I assume that you are basically just functionally rearranging lists (ie: like Python/JavaScript/Lisp code). For associative binary operators, it's convenient to make them have n operands to avoid a re-association pattern matching mess. A sum or product of one operand is a redundant parenthesis. Because they happen to be commutative, have the sum and product objects consistently sort their operands if you want them to be efficiently comparable (ie: define a canonical form that everything should reduce to).

It is harder if variables are involved though. The equals sign can be treated as just another binary operator to create new expressions, where you do things like: a, (a=(b*2)), ((a=(b*2))+6), ((a+6)=(b*2)+6), ((a+6)=(2*b)+6). At that point, you construct new expressions like: equate(expr,expr), add(expr,expr), mul(expr, expr), ldistribute(expr,expr), rdistribute(expr,expr), commute(expr), etc.
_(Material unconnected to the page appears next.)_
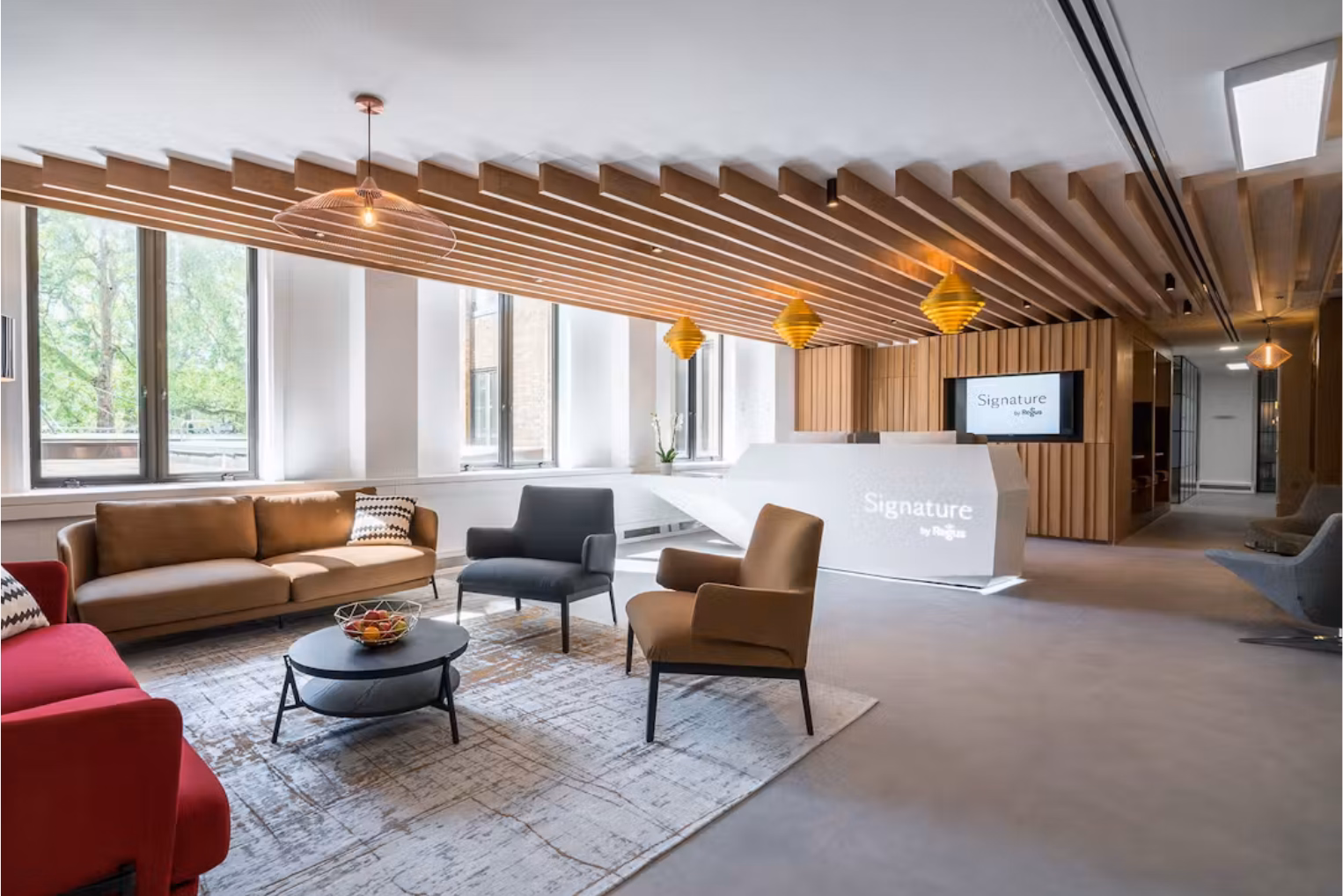 A white reception desk bearing the "Signature by Regus" logo under a slatted wood ceiling, next to a lounge area featuring various sofas and a table.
Some of the rules are obvious like distributing multiplication over addition, or additive or multiplicative cancellation; and usually go in one direction (like automatic differentiation). But there will be other times where you will need to do a more clever search (like a chess engine), doing things like multiply an expression times 1, and equate it with a new variable divided by itself, etc. One of the more tricky things in an algorithm for solving is that some operations like division add new logical constraints. If you construct div(add(a,b),x), you implicitly construct a logical constraint for x!=0; and you need to work these constraints in so that the search for the solution doesn't generate nonsense.

These kinds of programs are usually written as pattern matching and rewriting, with provisions made to not go in infinite loops.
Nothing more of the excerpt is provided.